Fix GRU (#2704)

* Fix GRU to match pytorch (#2701). Update GRU implementation of new gate to match pytorch implementation. This can change numerical output in some cases. Add GRU unit test with sequence length > 1. Fix GRU input state dimensions and hidden state handling. This is an API change since the dimensions of the optional hidden state input are being corrected to the right sizes. Just updating to the correct dimensions seems like the best thing since the previous implementation was incorrect, not just different than pytorch. * Add GruConfig option reset_after to allow both reset behaviors. * Fix clippy and keep previous test --------- Co-authored-by: Guillaume Lagrange <[email protected]>
tracel-ai · Jan 16, 2025 · 9daf048 · 9daf048
1 parent 9d9ea8b
commit 9daf048
Showing 1 changed file with 141 additions and 57 deletions.
diff --git a/crates/burn-core/src/nn/rnn/gru.rs b/crates/burn-core/src/nn/rnn/gru.rs
@@ -20,6 +20,21 @@ pub struct GruConfig {
     pub d_hidden: usize,
     /// If a bias should be applied during the Gru transformation.
     pub bias: bool,
+    /// If reset gate should be applied after weight multiplication.
+    ///
+    /// This configuration option controls how the reset gate is applied to the hidden state.

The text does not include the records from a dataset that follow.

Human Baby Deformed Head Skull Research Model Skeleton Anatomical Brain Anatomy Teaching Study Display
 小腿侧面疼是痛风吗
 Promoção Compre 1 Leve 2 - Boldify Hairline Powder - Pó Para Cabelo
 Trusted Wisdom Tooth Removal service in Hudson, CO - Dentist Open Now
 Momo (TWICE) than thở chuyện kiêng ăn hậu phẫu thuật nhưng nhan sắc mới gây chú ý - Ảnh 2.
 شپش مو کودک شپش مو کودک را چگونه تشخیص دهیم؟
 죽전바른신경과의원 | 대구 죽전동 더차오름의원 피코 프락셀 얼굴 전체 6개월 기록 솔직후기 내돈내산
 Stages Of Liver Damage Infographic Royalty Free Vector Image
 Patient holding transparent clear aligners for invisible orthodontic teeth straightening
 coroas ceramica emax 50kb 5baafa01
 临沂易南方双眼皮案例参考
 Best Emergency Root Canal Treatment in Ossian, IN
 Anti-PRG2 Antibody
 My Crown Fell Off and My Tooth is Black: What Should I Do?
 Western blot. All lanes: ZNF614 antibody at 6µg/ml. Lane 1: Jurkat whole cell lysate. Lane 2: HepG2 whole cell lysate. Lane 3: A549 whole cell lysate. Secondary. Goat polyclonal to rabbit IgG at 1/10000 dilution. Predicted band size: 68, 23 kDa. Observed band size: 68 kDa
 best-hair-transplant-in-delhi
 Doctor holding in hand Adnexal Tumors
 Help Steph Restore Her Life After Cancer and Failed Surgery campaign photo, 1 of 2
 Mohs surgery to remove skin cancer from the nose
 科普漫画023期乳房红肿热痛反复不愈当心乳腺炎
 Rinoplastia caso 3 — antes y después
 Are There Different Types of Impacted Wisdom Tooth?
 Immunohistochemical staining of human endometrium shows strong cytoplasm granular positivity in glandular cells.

+    /// * `true` - (Default) Match the initial arXiv version of the paper [Learning Phrase Representations using RNN Encoder-Decoder for
+    ///   Statistical Machine Translation (v1)](https://arxiv.org/abs/1406.1078v1) and apply the reset gate after multiplication by
+    ///   the weights. This matches the behavior of [PyTorch GRU](https://pytorch.org/docs/stable/generated/torch.nn.GRU.html#torch.nn.GRU).
+    /// * `false` - Match the most recent revision of [Learning Phrase Representations using RNN Encoder-Decoder for Statistical Machine
+    ///   Translation (v3)](https://arxiv.org/abs/1406.1078) and apply the reset gate before the weight multiplication.
+    ///
+    /// The differing implementations can give slightly different numerical results and have different efficiencies. For more
+    /// motivation for why the `true` can be more efficient see [Optimizing RNNs with Differentiable Graphs](https://svail.github.io/diff_graphs).
+    ///
+    /// To set this field to `false` use [`with_reset_after`](`GruConfig::with_reset_after`).
+    #[config(default = "true")]
+    pub reset_after: bool,
     /// Gru initializer
     #[config(default = "Initializer::XavierNormal{gain:1.0}")]
     pub initializer: Initializer,
@@ -41,6 +56,8 @@ pub struct Gru<B: Backend> {
     pub new_gate: GateController<B>,
     /// The size of the hidden state.
     pub d_hidden: usize,
+    /// If reset gate should be applied after weight multiplication.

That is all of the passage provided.